Space:1999 50th Anniversary: "All that Glisters"



Commander Koenig (Martin Landau) leads a team to a nearby planet when Main Computer reports that the world possesses the rare and vital mineral called Milganite required for Alpha’s life support system. 


On the team to find and mine the Milganite are Dr. Helena Russell (Barbara Bain), Maya (Catherine Schell), Alan Carter (Nick Tate), Chief Security Officer Verdeschi (Tony Anholt) and geologist David Reilly  (Patrick Mower), an Irishman who fancies himself a Texan cowboy.


Once on the planet surface, the Alphans’ Milganite readings lead them to a strange orange rock in a cave. When Reilly cuts off a sample of it, it bleeds and utters a scream of pain.  Upon the deposit of the rock in the Eagle, the rock flares energy, and apparently kills Tony.


Helena determines, however, that Tony still possesses brain function, a fact which becomes apparent when Tony is “revived” to serve as the arms and legs of the rock sample, retrieving another piece of the glowing rock from the cave.

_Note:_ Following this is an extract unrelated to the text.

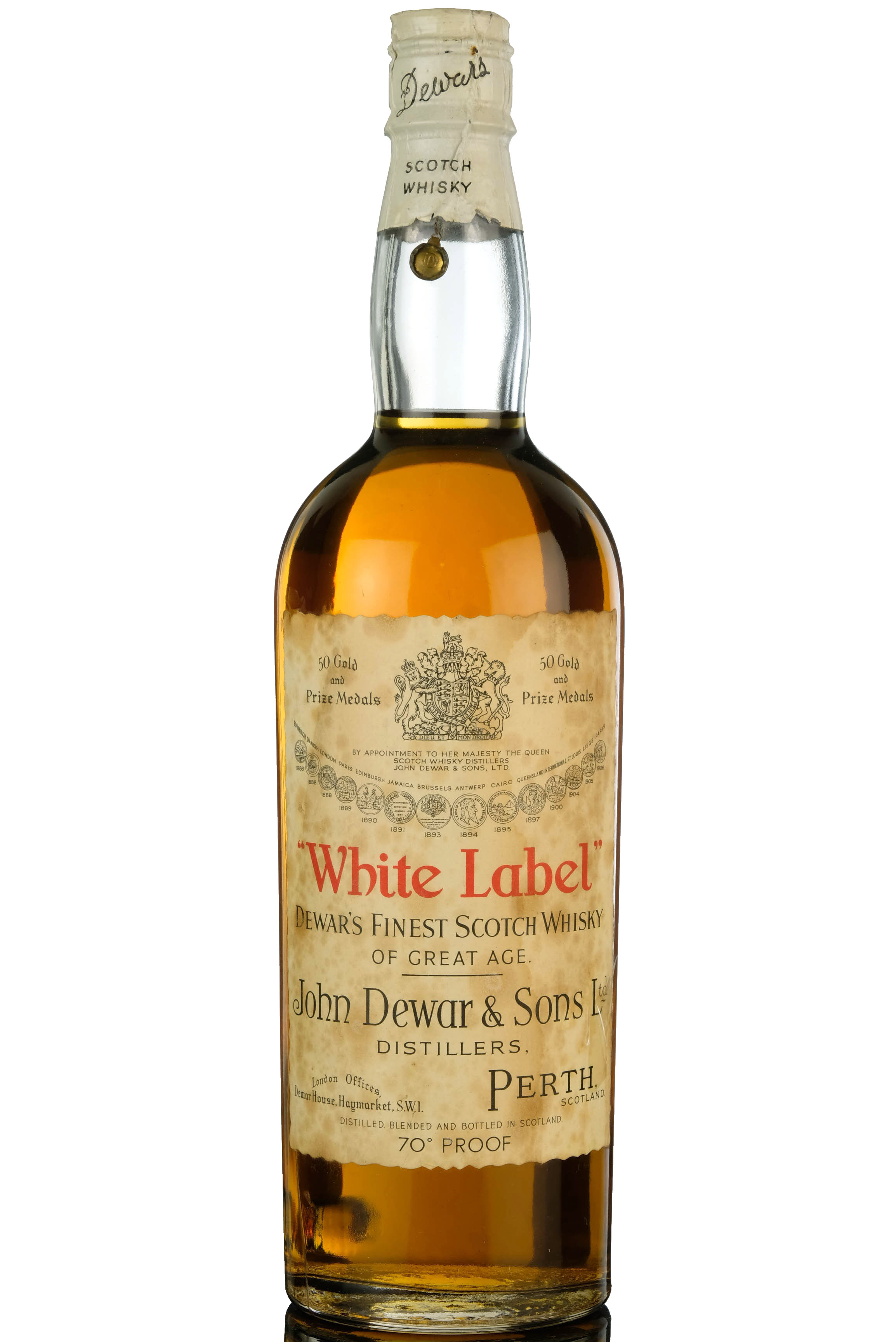 Dewars White Label Late 1950s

Koenig and the others soon recognize that the rocks on the planet are alive, and desperate. They require water to survive, and have been enduring a seemingly-unending drought.

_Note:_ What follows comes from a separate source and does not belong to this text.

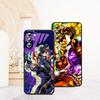 Cartoon Anime JoJo Jotaro Kujo Phone Case For Samsung S23 S22 S21 S20 S10 S8 Note 20 A9 A73 A71 A53 A33 Ultra Plus FE Black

But, as Maya points out with worry, there is plenty of water in the human body…



“All that Glisters” is a quite disliked episode by many  Space: 1999  (1975-1977) fans, and also, actually, by some of those who participated in the making of it.  


Martin Landau’s displeasure with the script is legendary, and if you watch very closely, you can also see Catherine Schell breaking character and succumbing to fits of giggling, in a scene set on the planet exterior, as the rocks take control over the Eagle. She must turn away from the camera, once her composure fails.


Why the dislike? 
Well, there are a number of reasons, for certain. 
The episode, about a silicon-based life-forms, doesn’t treat the main characters, for the most part, in appealing or intelligent fashion. The guest star, Mower’s Reilly, for instance, is an “Irish Cowboy” and attempts a dreadful Texan accent. 
He is an obnoxious character, with little in terms of human qualities to make the audience like, or even care about him. He hits on Maya in the Eagle, to Tony’s dismay, and then constantly acts counter to Commander Koenig’s orders.  He is obsessed with a living rock.  
So, an Englishman plays an Irish cowboy who is obsessed with rocks.  That’s quite a description!

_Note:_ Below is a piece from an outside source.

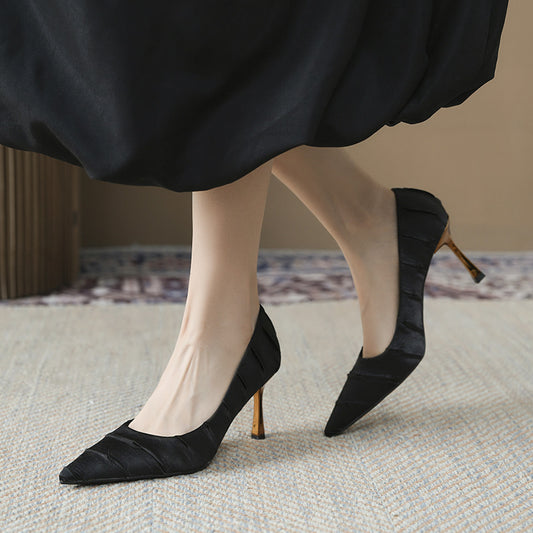 Women's Pointed Stiletto Design Sense Pumps Delicate Women's Fashion Shoes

Commander Koenig, a character I love and admire, also fares poorly in the episode.  

Perhaps because of Landau’s displeasure with the story, Koenig is constantly on the verge of catastrophic rage, shouting and yelling at his subordinates like a maniac.  
Worse, his orders sometimes make no sense.  After Tony is injured by the rock, for instance, Koenig orders that no one go near, look at, or in any way interact with any rocks.  
Well, if they do that, how will they save Tony? How will they understand their environs? It’s a dumb order, and Landau should never have been put in the position of having to issue it.


Dr. Russell also comes across poorly here. She has to say the line “I’m a doctor, not a miracle worker,” which, of course, comes straight from the lexicon of  Star Trek  (1966-1969) and its notoriously cantankerous physician, Leonard McCoy (DeForest Kelley). So Helena is a sort of cut-rate “Bones” here, frustratingly.


So why did I give such a favorable review of “All that Glisters” in my book,  Exploring Space: 1999  (1997)? And why do I still appreciate it?


There are two reasons, primarily.  
First, I admire the episode’s photography. Much of the episode takes place in a darkened Eagle laboratory pod, as Helena and the others deal with the strange nemesis in their midst.  These shots are beautifully-crafted, with dim illumination, and lights sometimes cast only on eyes, or faces.  
It’s stylish and smart in visual approach, and reminds me of black-and-white horror photography from Hollywood of the 1940s. The familiar technological setting is rendered almost “supernatural” in its creepy nature, and given that so much time is spent there, the episode also boasts a nice, claustrophobic feel.  There’s a real sense here of an inescapable trap.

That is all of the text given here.